• _Directions_
All of the lines below are to be transcribed faithfully, with pictures excluded from the copy.

• _Data shown_

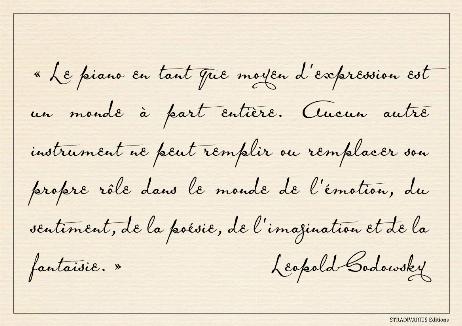 GODOWSKY Leopold - The piano as a medium for expression is a whole world by itself. No other instrument can fill or replace its own say in the world of emotion, sentiment, poetry, imagery and fancy.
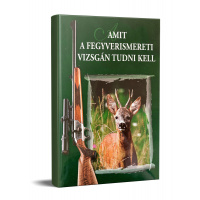 amit-a-fegyverismereti-vizsgan-tudni-kell-konyv-2023
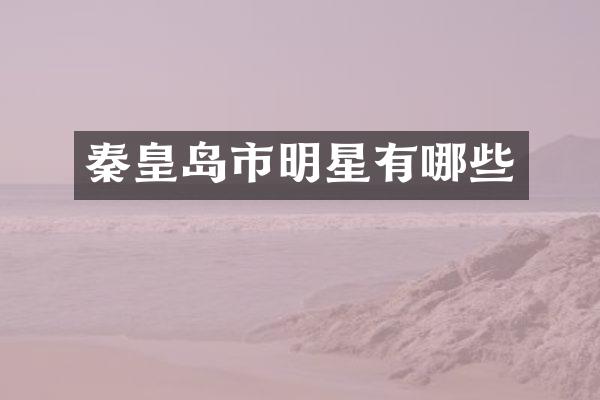 秦皇岛市明星有哪些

• _Expected output_
 GODOWSKY Leopold - The piano as a medium for expression is a whole world by itself. No other instrument can fill or replace its own say in the world of emotion, sentiment, poetry, imagery and fancy.
 amit-a-fegyverismereti-vizsgan-tudni-kell-konyv-2023
 秦皇岛市明星有哪些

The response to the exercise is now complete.